ÖSS’de binlerce öğrencinin sıfır aldığı, liselerde disiplinsizliğin kol gezdiği günümüzde, işinin ehli ve hepsi birer yüksek lisans mezunu olan lise branş öğretmenlerine daha fazla istihdam sağlanmasını ve Millî Eğitim Bakanlığı’nın öğretmen atamalarında ayırdığı kadro sayılarının “siyasî kriterlere” göre değil, gerçek ihtiyaçlara göre olmasını istiyoruz.

Seçimden birkaç gün önce 200 binden fazla geçici işçiye kadro verilebilirken işsiz 200 bin öğretmen için, bu ülkenin aydın insanları için hiçbir şey yapılmamakta, üniversiteyi bitirmiş genç beyinler yalnızlığa, psikolojik bunalıma terk edilmektedir.

Peki, okullarımızda kaç çeşit öğretmen olduğunu biliyor musunuz? İşte “Öğretmenlik Kariyer Basamakları”

-Başöğretmen

-Uzman öğretmen

-Öğretmen

-Aday öğretmen

-Sözleşmeli öğretmen (4/b’li)

-Mevsimlik öğretmen (4/c’li. Bu uygulama, Danıştay tarafından iki defa iptal edilmiştir.)

-Vekil öğretmen

-Ücretli öğretmen

-Öğrenci öğretmen (Eğitim fakültesi öğrencileri, staj amaçlı olarak okullarda öğretmenlik yapar.)

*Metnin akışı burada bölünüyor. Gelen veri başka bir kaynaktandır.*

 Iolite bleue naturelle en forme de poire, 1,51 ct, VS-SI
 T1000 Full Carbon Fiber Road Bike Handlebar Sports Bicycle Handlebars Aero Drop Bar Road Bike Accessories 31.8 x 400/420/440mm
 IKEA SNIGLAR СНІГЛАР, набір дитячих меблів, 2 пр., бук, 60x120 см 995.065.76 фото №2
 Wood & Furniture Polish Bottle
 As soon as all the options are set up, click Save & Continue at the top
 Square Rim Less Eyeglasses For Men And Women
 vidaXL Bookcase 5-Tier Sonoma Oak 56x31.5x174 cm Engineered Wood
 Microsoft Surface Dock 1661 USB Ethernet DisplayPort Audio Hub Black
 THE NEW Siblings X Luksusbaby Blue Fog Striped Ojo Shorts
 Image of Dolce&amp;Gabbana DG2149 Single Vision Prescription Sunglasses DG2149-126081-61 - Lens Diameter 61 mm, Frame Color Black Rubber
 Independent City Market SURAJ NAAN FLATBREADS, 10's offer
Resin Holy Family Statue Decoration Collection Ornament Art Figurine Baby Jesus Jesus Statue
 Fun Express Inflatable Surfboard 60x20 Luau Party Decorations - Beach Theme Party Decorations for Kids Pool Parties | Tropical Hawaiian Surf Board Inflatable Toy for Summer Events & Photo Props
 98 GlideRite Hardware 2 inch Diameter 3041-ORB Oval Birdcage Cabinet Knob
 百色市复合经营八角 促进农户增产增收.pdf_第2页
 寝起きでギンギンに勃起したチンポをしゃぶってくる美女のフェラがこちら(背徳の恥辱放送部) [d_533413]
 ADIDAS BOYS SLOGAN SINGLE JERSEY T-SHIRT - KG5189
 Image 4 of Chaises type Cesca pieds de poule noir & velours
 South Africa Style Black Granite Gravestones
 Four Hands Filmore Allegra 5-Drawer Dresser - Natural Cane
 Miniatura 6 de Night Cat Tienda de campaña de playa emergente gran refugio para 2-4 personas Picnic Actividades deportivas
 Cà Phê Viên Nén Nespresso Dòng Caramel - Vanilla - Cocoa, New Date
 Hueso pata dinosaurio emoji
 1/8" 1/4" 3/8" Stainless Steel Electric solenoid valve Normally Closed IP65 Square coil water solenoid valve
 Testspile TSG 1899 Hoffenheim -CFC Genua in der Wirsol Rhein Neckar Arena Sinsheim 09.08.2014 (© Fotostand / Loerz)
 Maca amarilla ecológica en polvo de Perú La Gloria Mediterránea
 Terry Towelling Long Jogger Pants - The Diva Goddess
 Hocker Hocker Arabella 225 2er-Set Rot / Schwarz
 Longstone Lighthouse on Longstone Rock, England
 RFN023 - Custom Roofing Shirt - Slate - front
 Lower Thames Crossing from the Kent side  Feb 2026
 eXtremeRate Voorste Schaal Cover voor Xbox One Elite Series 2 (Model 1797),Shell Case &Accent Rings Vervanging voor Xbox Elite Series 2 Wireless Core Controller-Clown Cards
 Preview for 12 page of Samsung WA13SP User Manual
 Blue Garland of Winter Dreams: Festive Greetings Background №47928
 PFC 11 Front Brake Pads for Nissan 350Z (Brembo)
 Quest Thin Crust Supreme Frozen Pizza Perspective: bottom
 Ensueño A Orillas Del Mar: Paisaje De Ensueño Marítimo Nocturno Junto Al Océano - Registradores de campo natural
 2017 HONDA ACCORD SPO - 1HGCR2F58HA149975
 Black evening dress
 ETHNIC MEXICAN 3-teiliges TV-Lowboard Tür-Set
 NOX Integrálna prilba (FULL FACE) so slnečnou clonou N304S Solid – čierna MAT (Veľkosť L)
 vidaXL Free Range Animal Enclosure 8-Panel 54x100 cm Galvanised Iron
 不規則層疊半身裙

Halk dâhil herkes bizi görmezden gelmekte, “Sen daha atanamadın mı?”, “Bir adam olamayacaktın da niye okudun?” gibi sorularla rencide olmaktayız. Okulumuzu bitireli 3–4 yıl olmasına rağmen işsiz olduğumuz için geleceğimize dair herhangi bir plan yapamamaktayız.

Hayatımızdan 3–4 yıl boşu boşuna akıp gitmekte. Sorunumuz o kadar had safhaya ulaştı ki artık öğretmen olduğumuzu söylemekten utanır hâle geldik.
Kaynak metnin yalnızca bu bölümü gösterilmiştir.